(EXERCISE BRIEF): Below are records with pictures in them. Output exactly the lines from the one with "Heren t shirts" through the one with "Fifth view of", both included, and leave every picture out; give only those lines.

(EXTRACTED ENTRIES):
# # # # # # #

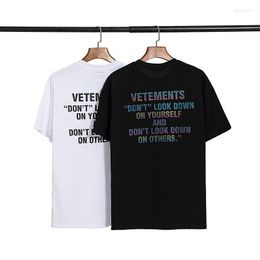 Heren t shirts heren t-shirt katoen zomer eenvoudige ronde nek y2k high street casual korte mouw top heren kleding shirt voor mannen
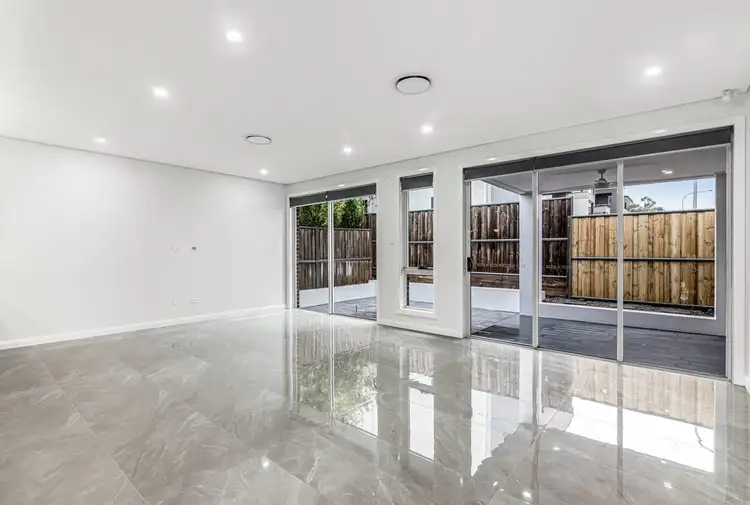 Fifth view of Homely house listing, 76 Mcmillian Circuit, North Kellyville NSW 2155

# # # # # # #

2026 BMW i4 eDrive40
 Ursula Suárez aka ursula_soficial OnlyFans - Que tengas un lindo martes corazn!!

# # # # # # #

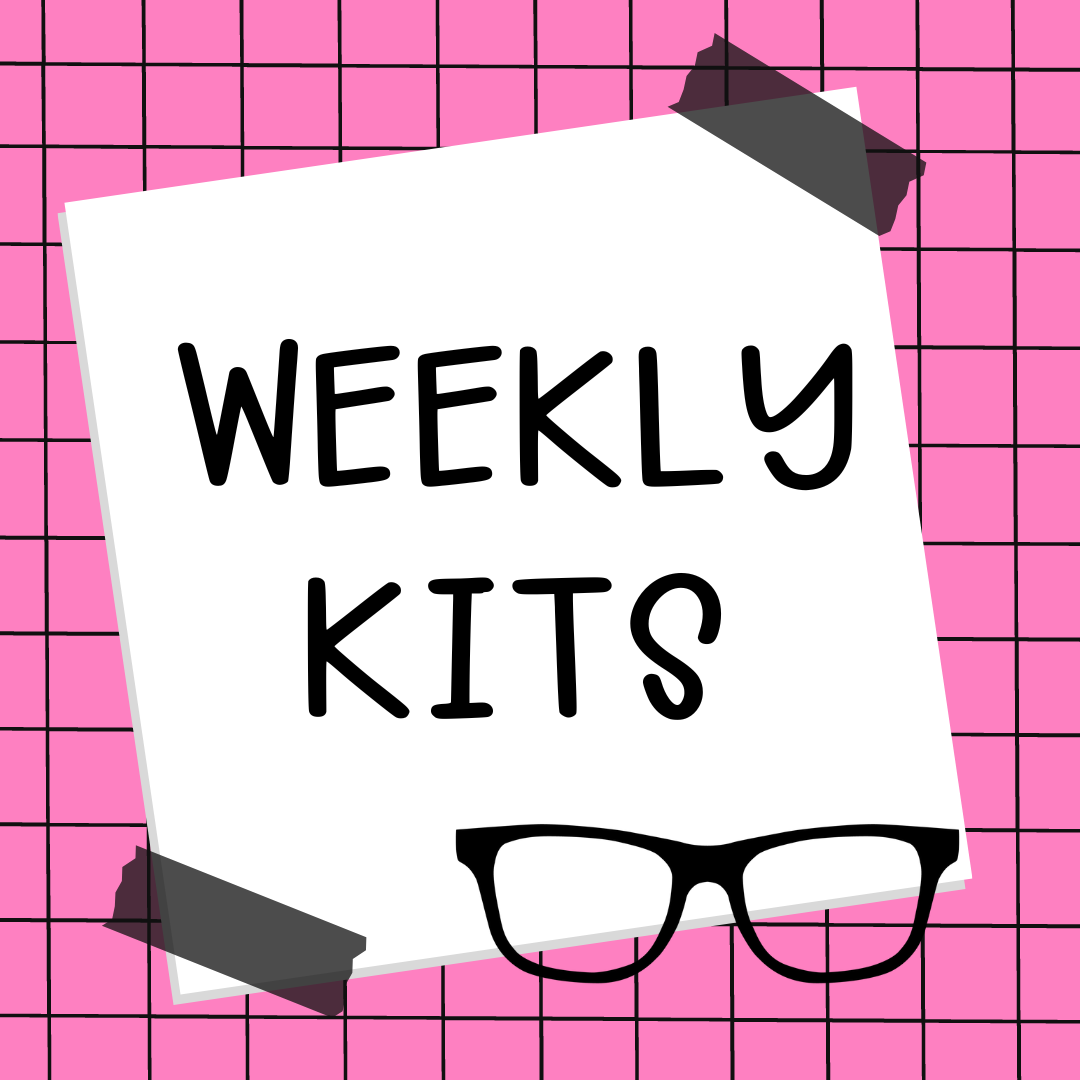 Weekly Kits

# # # # # # #

(REPLY):
 Heren t shirts heren t-shirt katoen zomer eenvoudige ronde nek y2k high street casual korte mouw top heren kleding shirt voor mannen
 Fifth view of Homely house listing, 76 Mcmillian Circuit, North Kellyville NSW 2155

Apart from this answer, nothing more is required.